Elle baissa les yeux et sans doute ses joues se mirent à rosir tendrement. Elle hésita quelques secondes. Lâcher son prénom reviendrait à accepter d’aller plus loin dans cette première prise de contact. En avait-elle envie ? Elle ne pensait pas. Or se sentir jolie dans le regard d’un autre lui faisait du bien. Et puis il avait le mérite de lui avoir parlé de manière plutôt recherchée…
« Claire… Mon prénom c’est Claire répondit-elle alors sans oser poser ses yeux dans les siens. Il rebondit aussitôt sur cette réponse en lâchant avec une grande assurance :
– Moi, c’est Sombre.
– Oh… Je ne trouve pas votre enveloppe, se plaignit la guichetière numéro un. »
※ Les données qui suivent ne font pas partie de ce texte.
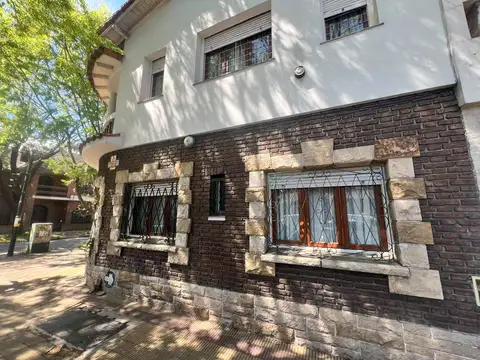 Casa 7 ambientes con 2 baños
Tout d’abord interloquée, se demandant si elle avait bien compris, la jeune femme blonde éclata alors de rire, à la grande surprise des badauds poireautant dans le hall de cette poste.
« Sombre. Claire… Joli contraste… ajouta l’homme ». Il paya la guichetière numéro deux et se dirigea vers la sortie en précisant à la jeune femme qu’il l’attendrait dehors. Elle jeta un coup d’œil à la pendule accrochée au-dessus du guichet « retrait-colis ». L’employée cherchait toujours, désormais assistée de sa collègue. Elle osa les interrompre doucement.
« Excusez-moi mais c’est un peu long pour une simple enveloppe… J’occupe une place 15 minutes et je vais être en retard à mon rendez-vous… »
Au bout de longues minutes encore, elles mirent enfin la main sur l’objet. Elle les remercia , glissa l’enveloppe dans son sac à main « c’est quand même utile un grand sac, pensa t-elle » et se sentit soulagée d’être enfin libérée . Évidemment, elle tomba sur l’homme en sortant de la poste.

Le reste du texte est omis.